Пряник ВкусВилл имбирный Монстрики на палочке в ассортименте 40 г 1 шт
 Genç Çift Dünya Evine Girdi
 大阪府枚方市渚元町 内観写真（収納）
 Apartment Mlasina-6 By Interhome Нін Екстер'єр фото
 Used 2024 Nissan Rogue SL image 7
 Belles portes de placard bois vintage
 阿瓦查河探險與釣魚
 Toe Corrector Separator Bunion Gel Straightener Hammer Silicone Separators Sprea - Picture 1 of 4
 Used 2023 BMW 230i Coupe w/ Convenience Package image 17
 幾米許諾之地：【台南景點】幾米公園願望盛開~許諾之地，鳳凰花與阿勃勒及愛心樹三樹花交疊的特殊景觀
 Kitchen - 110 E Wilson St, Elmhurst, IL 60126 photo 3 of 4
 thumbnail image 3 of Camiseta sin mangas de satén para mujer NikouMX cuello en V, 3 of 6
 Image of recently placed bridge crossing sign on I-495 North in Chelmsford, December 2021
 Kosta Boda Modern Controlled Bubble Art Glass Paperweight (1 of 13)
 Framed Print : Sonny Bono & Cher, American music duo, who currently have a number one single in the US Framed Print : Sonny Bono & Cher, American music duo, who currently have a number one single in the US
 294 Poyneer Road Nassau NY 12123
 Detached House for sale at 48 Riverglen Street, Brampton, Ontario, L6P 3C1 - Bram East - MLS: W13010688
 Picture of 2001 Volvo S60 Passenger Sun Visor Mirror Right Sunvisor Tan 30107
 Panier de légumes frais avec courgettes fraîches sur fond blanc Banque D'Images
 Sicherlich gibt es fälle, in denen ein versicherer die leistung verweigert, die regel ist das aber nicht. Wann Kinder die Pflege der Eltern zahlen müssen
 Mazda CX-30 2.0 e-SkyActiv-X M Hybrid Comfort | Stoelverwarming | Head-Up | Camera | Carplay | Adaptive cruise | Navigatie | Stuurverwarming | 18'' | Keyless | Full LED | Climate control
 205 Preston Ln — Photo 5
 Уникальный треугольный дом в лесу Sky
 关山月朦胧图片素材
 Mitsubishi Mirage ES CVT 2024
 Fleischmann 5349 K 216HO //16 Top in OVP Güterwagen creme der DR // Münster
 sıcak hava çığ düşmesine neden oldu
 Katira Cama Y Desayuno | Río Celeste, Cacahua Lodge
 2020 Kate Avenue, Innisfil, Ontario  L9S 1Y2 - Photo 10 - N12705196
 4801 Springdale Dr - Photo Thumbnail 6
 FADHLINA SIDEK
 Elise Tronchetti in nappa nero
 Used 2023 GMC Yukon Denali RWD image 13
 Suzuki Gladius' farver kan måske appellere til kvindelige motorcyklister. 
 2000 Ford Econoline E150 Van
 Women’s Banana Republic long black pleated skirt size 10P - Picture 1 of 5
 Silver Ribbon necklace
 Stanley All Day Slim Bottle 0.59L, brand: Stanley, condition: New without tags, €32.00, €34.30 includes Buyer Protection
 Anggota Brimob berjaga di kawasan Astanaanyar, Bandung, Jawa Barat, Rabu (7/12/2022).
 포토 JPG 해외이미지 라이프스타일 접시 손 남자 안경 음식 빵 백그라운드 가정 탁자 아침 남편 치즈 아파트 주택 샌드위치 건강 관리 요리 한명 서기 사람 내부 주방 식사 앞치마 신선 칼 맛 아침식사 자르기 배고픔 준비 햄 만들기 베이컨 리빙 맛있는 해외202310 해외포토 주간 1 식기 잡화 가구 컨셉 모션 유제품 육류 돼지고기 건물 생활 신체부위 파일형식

YOUR INSTRUCTIONS: All of the material must be written out again without any change.

YOUR RESPONSE:
Пряник ВкусВилл имбирный Монстрики на палочке в ассортименте 40 г 1 шт
 Genç Çift Dünya Evine Girdi
 大阪府枚方市渚元町 内観写真（収納）
 Apartment Mlasina-6 By Interhome Нін Екстер'єр фото
 Used 2024 Nissan Rogue SL image 7
 Belles portes de placard bois vintage
 阿瓦查河探險與釣魚
 Toe Corrector Separator Bunion Gel Straightener Hammer Silicone Separators Sprea - Picture 1 of 4
 Used 2023 BMW 230i Coupe w/ Convenience Package image 17
 幾米許諾之地：【台南景點】幾米公園願望盛開~許諾之地，鳳凰花與阿勃勒及愛心樹三樹花交疊的特殊景觀
 Kitchen - 110 E Wilson St, Elmhurst, IL 60126 photo 3 of 4
 thumbnail image 3 of Camiseta sin mangas de satén para mujer NikouMX cuello en V, 3 of 6
 Image of recently placed bridge crossing sign on I-495 North in Chelmsford, December 2021
 Kosta Boda Modern Controlled Bubble Art Glass Paperweight (1 of 13)
 Framed Print : Sonny Bono & Cher, American music duo, who currently have a number one single in the US Framed Print : Sonny Bono & Cher, American music duo, who currently have a number one single in the US
 294 Poyneer Road Nassau NY 12123
 Detached House for sale at 48 Riverglen Street, Brampton, Ontario, L6P 3C1 - Bram East - MLS: W13010688
 Picture of 2001 Volvo S60 Passenger Sun Visor Mirror Right Sunvisor Tan 30107
 Panier de légumes frais avec courgettes fraîches sur fond blanc Banque D'Images
 Sicherlich gibt es fälle, in denen ein versicherer die leistung verweigert, die regel ist das aber nicht. Wann Kinder die Pflege der Eltern zahlen müssen
 Mazda CX-30 2.0 e-SkyActiv-X M Hybrid Comfort | Stoelverwarming | Head-Up | Camera | Carplay | Adaptive cruise | Navigatie | Stuurverwarming | 18'' | Keyless | Full LED | Climate control
 205 Preston Ln — Photo 5
 Уникальный треугольный дом в лесу Sky
 关山月朦胧图片素材
 Mitsubishi Mirage ES CVT 2024
 Fleischmann 5349 K 216HO //16 Top in OVP Güterwagen creme der DR // Münster
 sıcak hava çığ düşmesine neden oldu
 Katira Cama Y Desayuno | Río Celeste, Cacahua Lodge
 2020 Kate Avenue, Innisfil, Ontario  L9S 1Y2 - Photo 10 - N12705196
 4801 Springdale Dr - Photo Thumbnail 6
 FADHLINA SIDEK
 Elise Tronchetti in nappa nero
 Used 2023 GMC Yukon Denali RWD image 13
 Suzuki Gladius' farver kan måske appellere til kvindelige motorcyklister. 
 2000 Ford Econoline E150 Van
 Women’s Banana Republic long black pleated skirt size 10P - Picture 1 of 5
 Silver Ribbon necklace
 Stanley All Day Slim Bottle 0.59L, brand: Stanley, condition: New without tags, €32.00, €34.30 includes Buyer Protection
 Anggota Brimob berjaga di kawasan Astanaanyar, Bandung, Jawa Barat, Rabu (7/12/2022).
 포토 JPG 해외이미지 라이프스타일 접시 손 남자 안경 음식 빵 백그라운드 가정 탁자 아침 남편 치즈 아파트 주택 샌드위치 건강 관리 요리 한명 서기 사람 내부 주방 식사 앞치마 신선 칼 맛 아침식사 자르기 배고픔 준비 햄 만들기 베이컨 리빙 맛있는 해외202310 해외포토 주간 1 식기 잡화 가구 컨셉 모션 유제품 육류 돼지고기 건물 생활 신체부위 파일형식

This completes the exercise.